# Formal Developments of Set Theory in Coq

Reconsidering Pairs and Functions as Sets

We start from axioms for intuitionistic (well-founded) Zermelo-Fraenkel set theory without an axiom of infinity. An epsilon recursion principle is proven. Using this ordered pairs and functions are defined in such a way that ordered pairs are the same as functions from the finite ordinal 2. This is written up in an article that has been submitted to a journal, with a technical report version available here.

Three Forms of Replacement

Three forms of replacement (as operators) are considered:

• Map Replacement takes a set and a meta-level function and returns the image set.
• Total Replacement takes a set and a total functional meta-level relation and returns the image set.
• Partial Replacement takes a set and a functional meta-level relation and returns the image set. (I first saw a replacement axiom in this form in Barras 2010 [Bar10].)
In an intuitionistic set theory without separation or replacement as axioms, we prove that partial replacement is equivalent to total replacement and separation. Also, total replacement is equivalent to map replacement and having a description operator.

Ackermann Encoding of Decidable Hereditarily Finite Sets

Following Ackermann 1937 [Ack37], a membership relation can be defined on the natural numbers and the Zermelo-Fraenkel axioms except infinity can be proven. Separation is limited to decidable predicates. Choice should also be provable, but is not considered in the file.

Model of ZF using a quotient of Aczel's Set Type, assuming Epsilon.

In the 1970s, Aczel gave an inductive type of trees on which an equivalence relation can be recursively defined [Acz77]. The trees behave as sets relative to the equivalence relation. In this Coq development, we assume classical logic, epsilon (a form of choice) and extensionality. After defining the Aczel type and the equivalence relation (following Werner's 1997 description [Wer97]), we use the choice operator to obtain canonical representatives. We then define the quotient using sigma types and canonical representatives. The Zermelo-Fraenkel axioms are proven.

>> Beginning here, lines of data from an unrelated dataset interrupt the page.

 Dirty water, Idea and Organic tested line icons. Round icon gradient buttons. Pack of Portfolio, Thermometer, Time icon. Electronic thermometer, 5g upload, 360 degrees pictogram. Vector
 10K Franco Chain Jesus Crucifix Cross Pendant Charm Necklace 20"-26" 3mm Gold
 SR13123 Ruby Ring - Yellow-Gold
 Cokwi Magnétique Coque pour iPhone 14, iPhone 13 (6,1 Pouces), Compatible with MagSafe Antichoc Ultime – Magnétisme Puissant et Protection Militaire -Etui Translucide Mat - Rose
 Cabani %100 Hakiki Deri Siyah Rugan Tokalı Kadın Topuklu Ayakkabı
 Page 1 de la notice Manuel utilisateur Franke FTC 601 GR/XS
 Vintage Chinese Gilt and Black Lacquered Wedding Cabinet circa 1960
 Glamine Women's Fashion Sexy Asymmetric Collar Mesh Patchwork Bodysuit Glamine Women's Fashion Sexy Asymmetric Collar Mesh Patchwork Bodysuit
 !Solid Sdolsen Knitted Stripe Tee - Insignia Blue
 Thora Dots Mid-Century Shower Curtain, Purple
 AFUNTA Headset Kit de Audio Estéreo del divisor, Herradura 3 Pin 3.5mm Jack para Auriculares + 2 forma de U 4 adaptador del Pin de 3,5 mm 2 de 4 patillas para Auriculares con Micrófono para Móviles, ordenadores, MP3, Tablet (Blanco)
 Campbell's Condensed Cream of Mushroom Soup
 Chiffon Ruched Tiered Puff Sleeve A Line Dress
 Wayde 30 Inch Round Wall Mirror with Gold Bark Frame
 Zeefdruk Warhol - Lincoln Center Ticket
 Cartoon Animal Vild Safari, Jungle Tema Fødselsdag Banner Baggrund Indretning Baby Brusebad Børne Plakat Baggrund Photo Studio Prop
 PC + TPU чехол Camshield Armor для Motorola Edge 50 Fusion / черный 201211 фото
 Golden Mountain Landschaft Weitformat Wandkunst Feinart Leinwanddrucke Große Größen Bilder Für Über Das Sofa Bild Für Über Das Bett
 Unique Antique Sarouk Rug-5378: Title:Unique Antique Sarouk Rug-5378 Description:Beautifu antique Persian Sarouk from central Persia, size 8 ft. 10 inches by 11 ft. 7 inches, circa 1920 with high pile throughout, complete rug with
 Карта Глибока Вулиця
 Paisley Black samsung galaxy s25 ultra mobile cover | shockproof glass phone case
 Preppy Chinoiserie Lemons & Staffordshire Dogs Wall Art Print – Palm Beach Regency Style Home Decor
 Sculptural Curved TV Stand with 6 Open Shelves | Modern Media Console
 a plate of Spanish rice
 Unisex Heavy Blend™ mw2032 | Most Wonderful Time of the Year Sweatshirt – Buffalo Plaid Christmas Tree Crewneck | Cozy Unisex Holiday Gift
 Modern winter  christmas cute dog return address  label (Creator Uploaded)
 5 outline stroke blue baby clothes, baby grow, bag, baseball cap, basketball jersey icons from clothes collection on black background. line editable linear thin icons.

We do not consider the choice axiom, though it should be provable as well.

• The first file defines a module type to make it clear what a model of ZF must satisfy: html version (Coq file)
• The second file contains the construction and the proof that it gives a module (model of ZF): html version (Coq file)

## References:

• [Ack37] Wilhelm Ackermann. Die Widerspruchsfreiheit der allgemeinen Mengenlehre. Mathematische Annalen 114: 305-315, 1937
• [Acz77] Peter Aczel. The type theoretic interpretation of constructive set theory. In A. MacIntyre, L. Pacholski, and J. Paris, editors, Logic Colloquium '77, pages 55-66. NorthHolland, 1978.
• [Bar10] Barras, B. Sets in Coq, Coq in Sets. Journal Of Formalized Reasoning, 3(1), 29-48. 2010.
• [Wer97] Benjamin Werner. Sets in types, types in sets. In Proceedings of TACS '97, pages 530-546. Springer-Verlag, 1997.